I am participating in National Poetry Writing Month, where the goal is to write one poem a day for 30 days. During the month of April, I will be using the writing prompts at ReadWritePoem.org and posting the results.
Day twenty-two prompt (list day)
Grab five of your favorite poetry books. Open to a random page in each, copy a phrase or a word that catches your eye, use them in a poem.
My phrases were:
"Lost, she said, / my moon, my butter calf, / my yellow moth, my Hindu hare. - Anne Sexton, "The Frog Prince" from "Selected Poems of Anne Sexton"
"When Beethoven is brutal or whispers to lady-like air." - Gwendolyn Brooks, "The Chicago Defender Sends a Man to Little Rock" from "Selected Poems"
"It seems a time has come / when you've become like those horses / wild with spring / who long for distant fields / where the light mists rise." - Ono no Komachi (trans. By Jane Hirshfield with Mariko Aratani), "The Ink Dark Moon"
"whose powers are of lava, / of magma, of deep rock strata, of gunpowder, / and the Sun." - Gary Snyder, "Spel Against Demons" from "No Nature: New and Selected Poems"
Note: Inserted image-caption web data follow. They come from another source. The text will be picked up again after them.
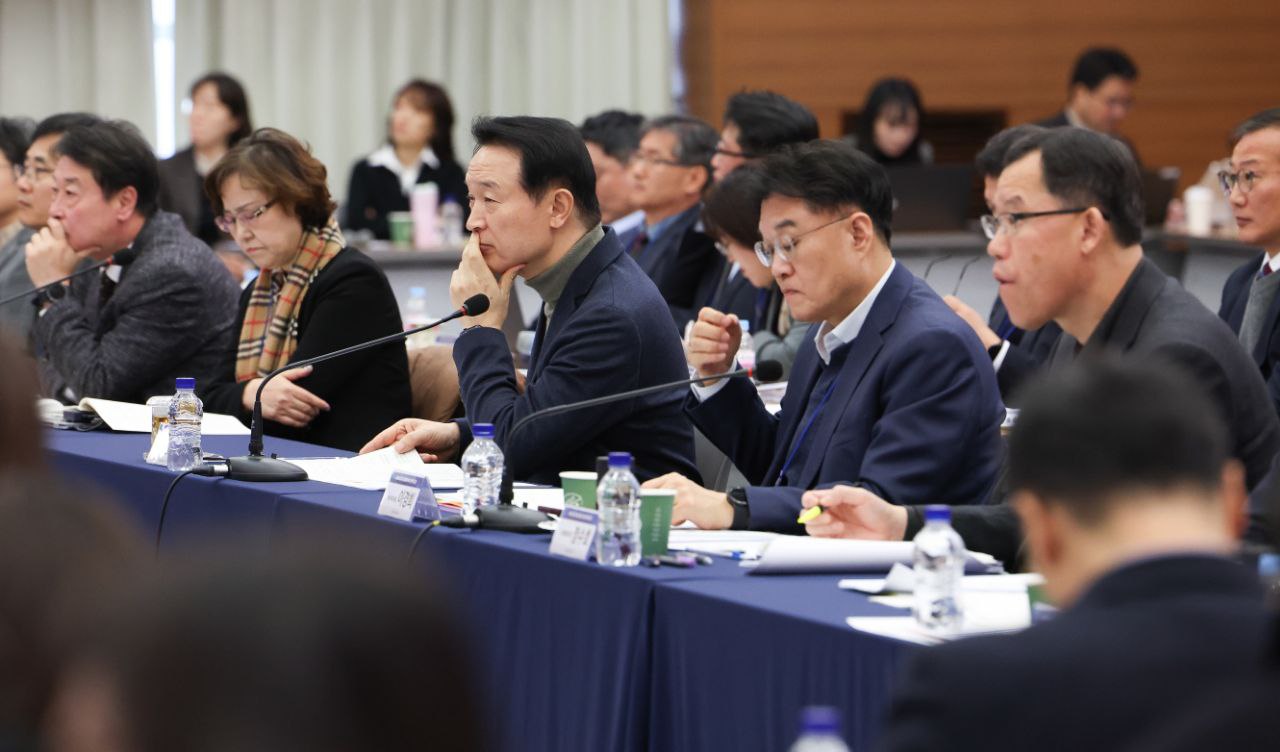 임태희 교육감 “경기도, 교육의 새로운 에너지 열어야”4 이미지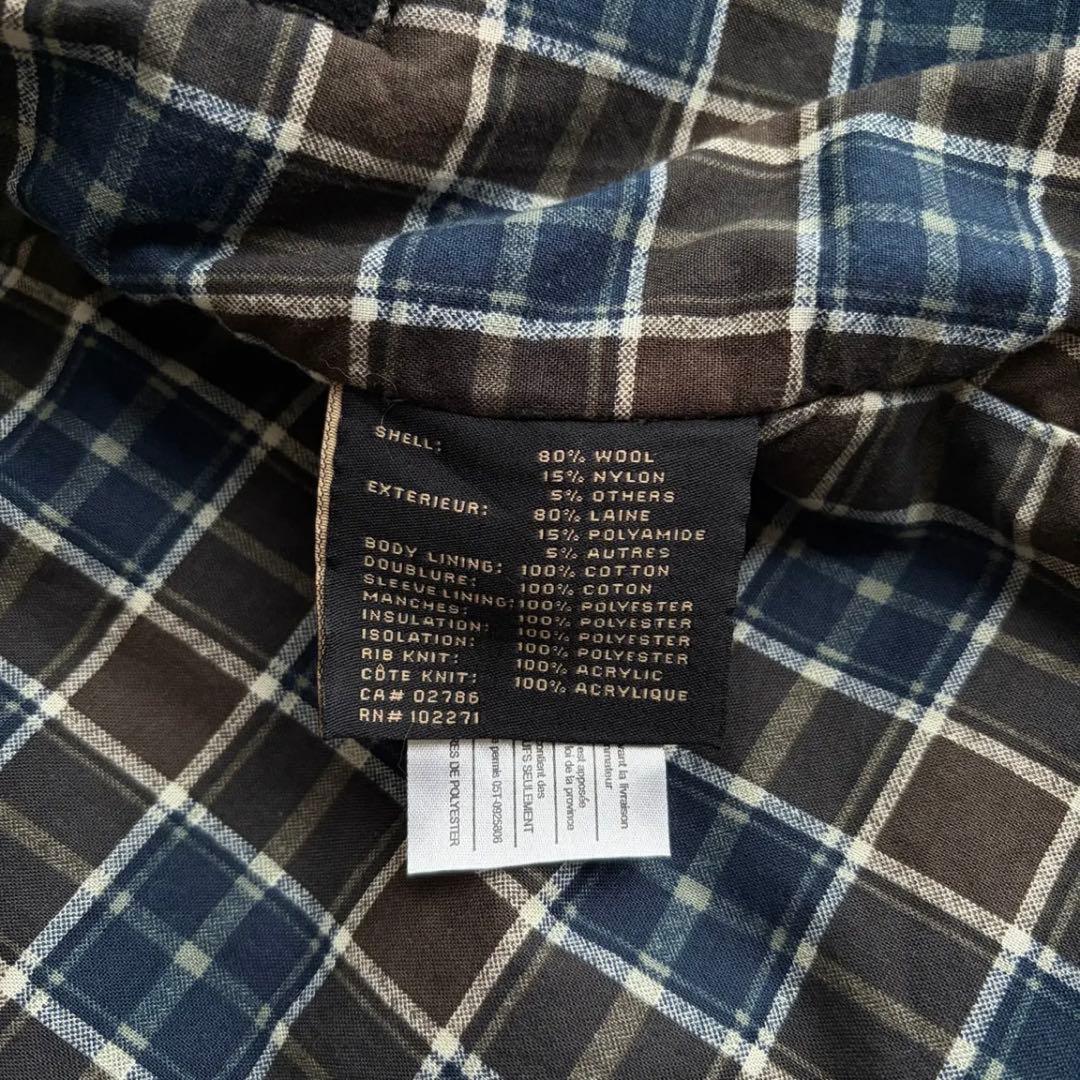 Columbia コロンビア 00s Wool-Jacket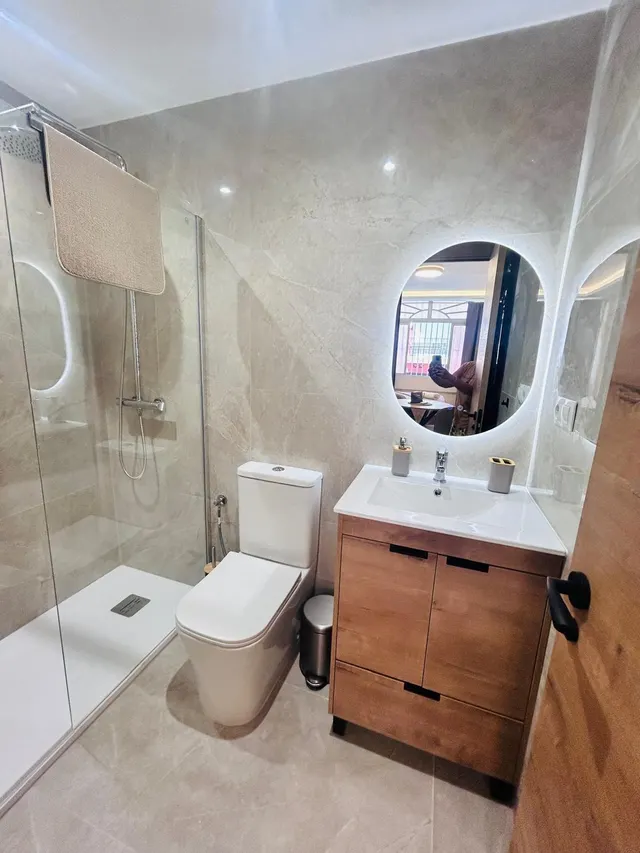 Estudio alquiler Mijas — 8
"Bird Plane / Flying near Mecca" - Amiri Baraka, "The World is Full of Remarkable Things" from "The LeRoi Jones/Amiri Baraka Reader"
Daydreaming While Staring at My Poetry Shelf
On days like these, of fallen
tulips, of lead skies, I become
like those horses
wild with spring
who long for distant fields.
On days where tasks drag, days of
irksome calls, when Beethoven is brutal
or whispers to lady-like air,
I would board
a bird plane,
and fly near Mecca.
cascading after me, swirls
of cat hair and clutter.
I'd cast off my tedious
sweatpants, don golden robes,
exchange keyboard for a wand
whose powers are of lava,
of magma, of deep rock strata, of gunpowder,
and the Sun. The better to see
sprawling desert dunes
vast white tundras
swollen brown rivers
The better to sweep above
a glorious world, declare it all
my moon, my butter calf,
my yellow moth, my Hindu hare.
Senses reeling, I'd throw
my arms wide, thankful
for what I am about to receive.
I am actually quite proud of myself, because I turned down some extra work in order to write this poem. Too often, I let paying jobs take precedence over my creative works, and I need to learn to value the time I've spent writing. These phrases all had a similar quality, I felt, a sense of longing for a more perfect, more magical place. I wrote this poem while watching the opening scenes of "Oliver!" which explains the last two lines ("More? You want some more?").
It's important to make time for poetry.